Collected data:
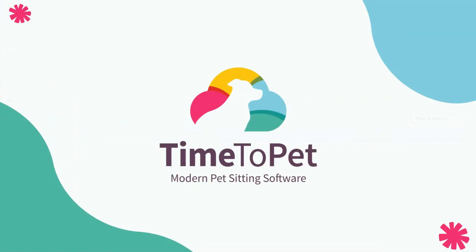Thanks for watching! If you have any questions, please don't hesitate to reach out to us at support at timetopet.com.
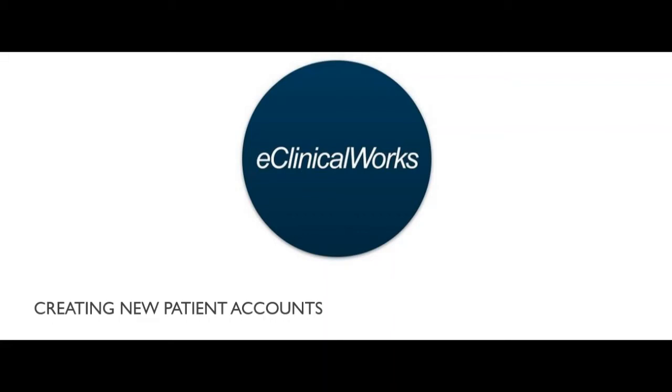Hi everybody, this is Hanif Azim. I'll be your trainer today. We're going to be working on eClinicalWorks and learning how to create new patient accounts. So let's get to it.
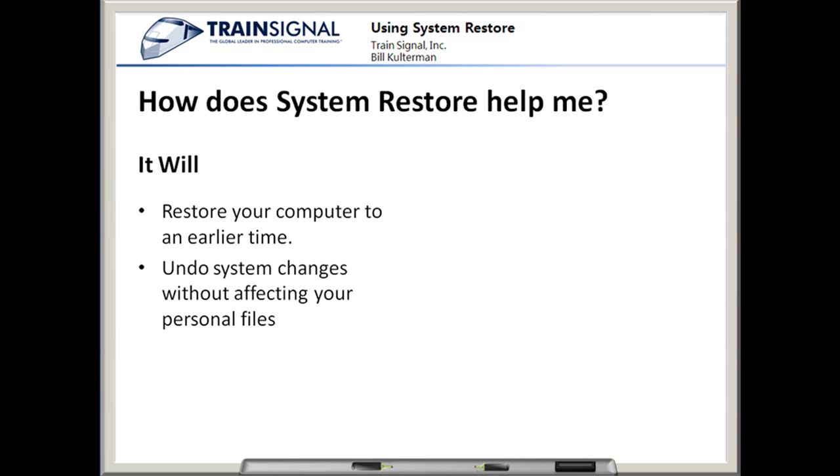It will also undo system changes without affecting my personal files. So I've created files, I've edited them. When I roll back, when I do that System Restore, it won't delete those. It won't get rid of those personal files. They will still be there and be untouched.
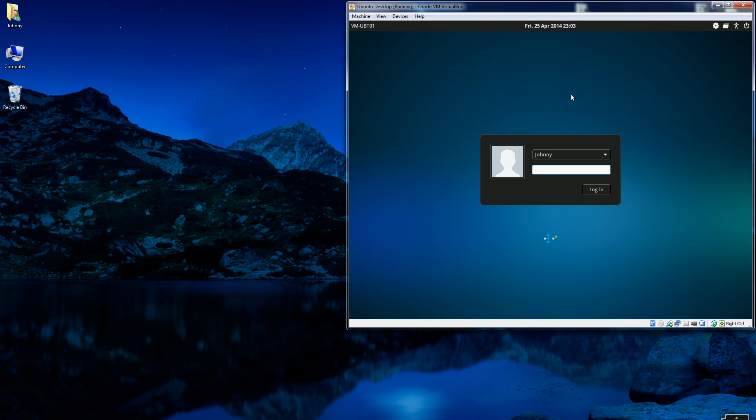A YouTube viewer, after watching one of my videos on how to install XRDP and connect to it via the Windows Terminal Services client, asked me how to actually connect multi-user to one desktop.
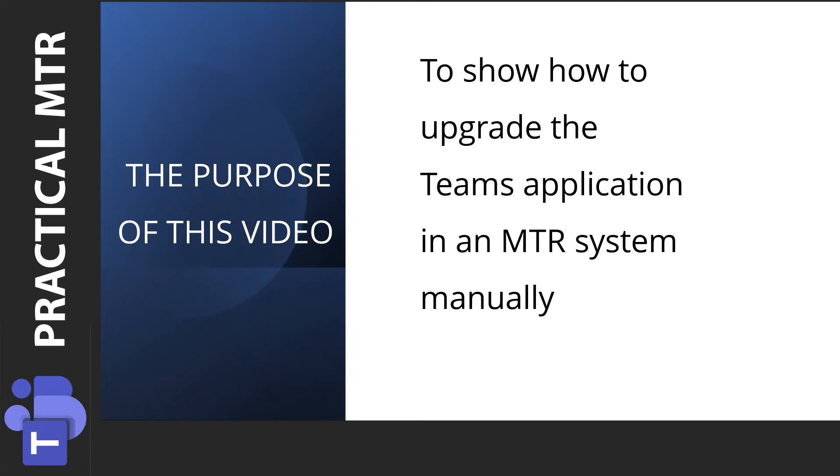In this video I'm going through how to update the Teams application in an MTR system manually. This can be useful if you need to install the application before it is delivered through Windows Store or simply because your firewalls are blocking Windows Store updates.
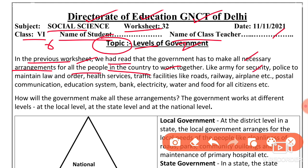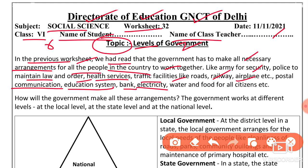For example: Army for security, Police for law and order maintenance, Health services, Traffic facilities, Roads, Railways, Airplane, Postal communication, Education system, Banks, Electricity, Water, and Food for all citizens.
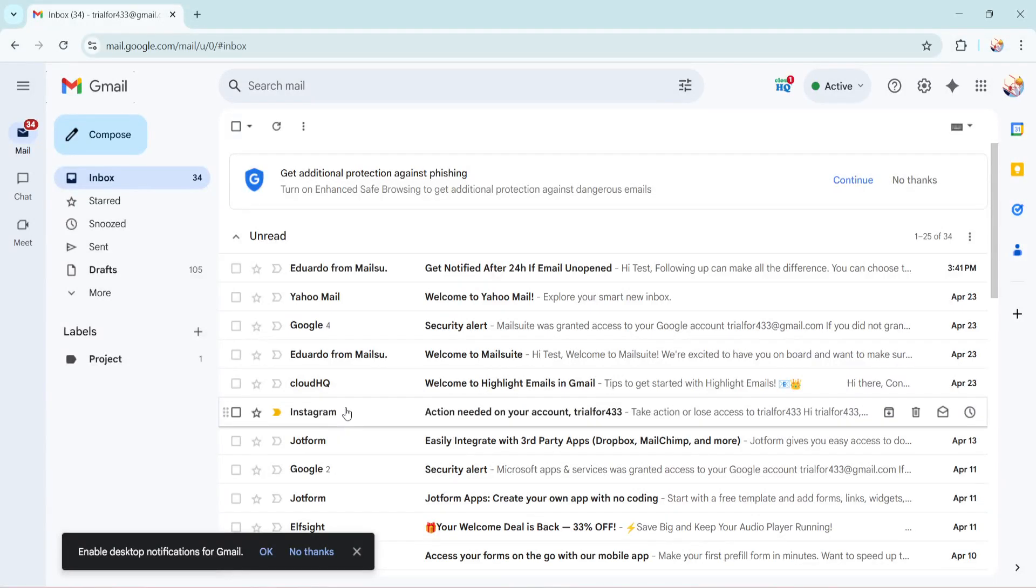In today's video I'm going to teach you how to delete sent mail in Gmail even after one day, one week, one year or even five years.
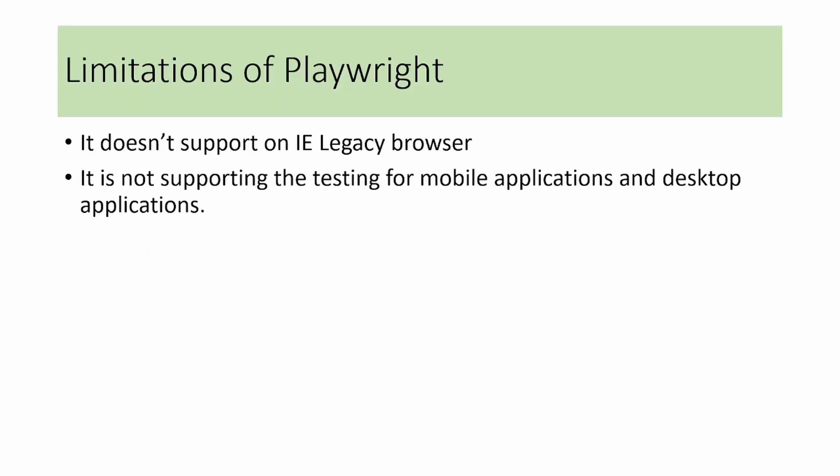We will see the limitations of Playwright. Playwright does not work on IE legacy browser, and it does not support testing for mobile applications and desktop applications.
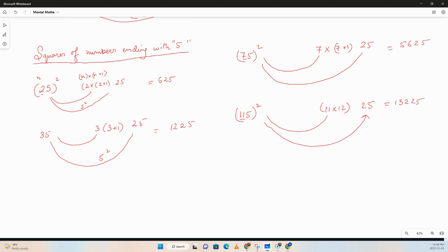Very simple rule. The last two digits are going to be 25, and the remaining, whatever the remaining digits are, that times that plus 1. That is how we find the squares of numbers ending with 5.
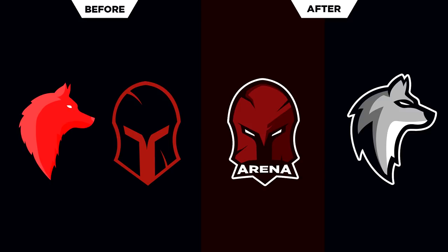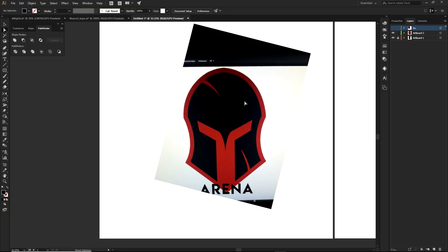All right guys, so this first tip is definitely going to help you really understand the world of mascot design, and that is making sure you have a defined line work — a defined suggested molding of your actual mascot design.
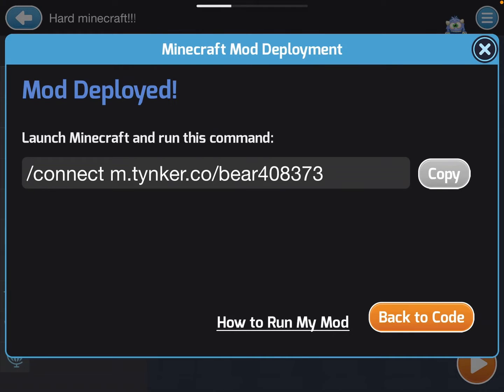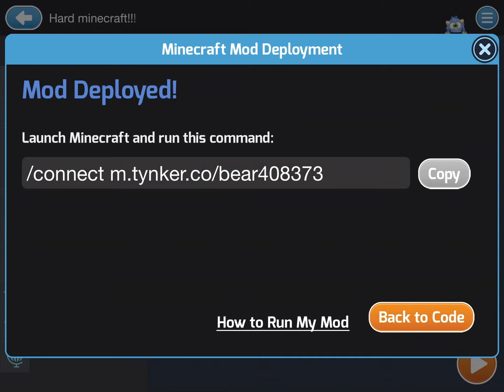Alright guys, today I just made a Minecraft mod. If you want to do it, it's like a hard Minecraft thing. Just enter that in your Minecraft chat world - you gotta have cheats on.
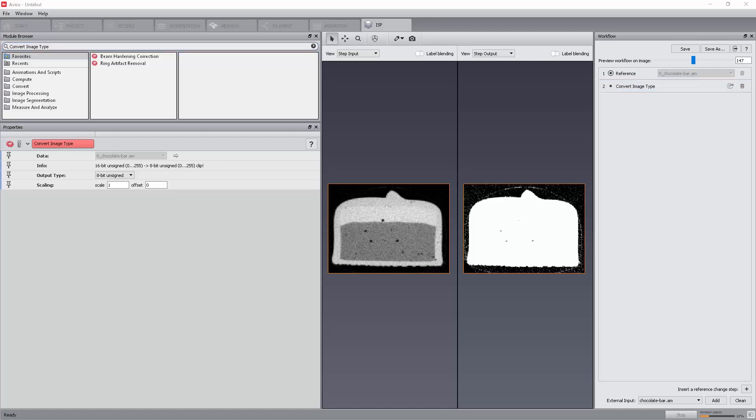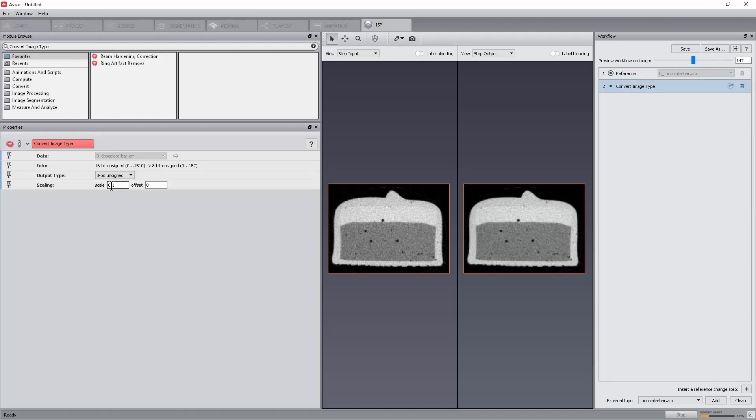At the same time, the module is automatically applied to the last output step, which is the original data reference data in this case. Its result is displayed in the right viewer. Change the scale port to 0.1. The right viewer is updated with the changes.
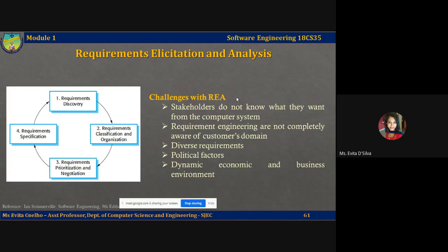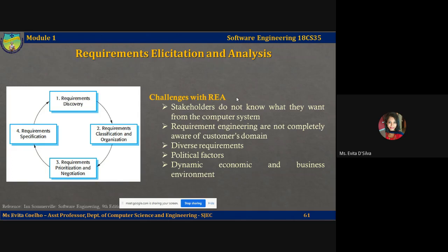Firstly, stakeholders often do not know what they want from the computer system except in the most generic terms. Because they may not be technical people, they may find it difficult to articulate what they want the system to do, and may make unrealistic demands because they don't know whether implementing such a system is feasible. Second, stakeholders naturally express requirements in their own terms with implicit knowledge of their work, and requirements engineers without experience in the customer's domain may not understand their requirements. Thirdly, different stakeholders have different requirements expressed in different ways; requirements engineers must discover all potential sources of requirements, discover commonalities and conflicts, and arrive at consensus especially when requirements are contradictory.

→ EXERCISE AIM
In the entries above, find the line containing "All right guys, so" and the line containing "At the same", then copy both and every line between them exactly, without any picture.

→ RESPONSE AREA
All right guys, so this first tip is definitely going to help you really understand the world of mascot design, and that is making sure you have a defined line work — a defined suggested molding of your actual mascot design.
Alright guys, today I just made a Minecraft mod. If you want to do it, it's like a hard Minecraft thing. Just enter that in your Minecraft chat world - you gotta have cheats on.
At the same time, the module is automatically applied to the last output step, which is the original data reference data in this case. Its result is displayed in the right viewer. Change the scale port to 0.1. The right viewer is updated with the changes.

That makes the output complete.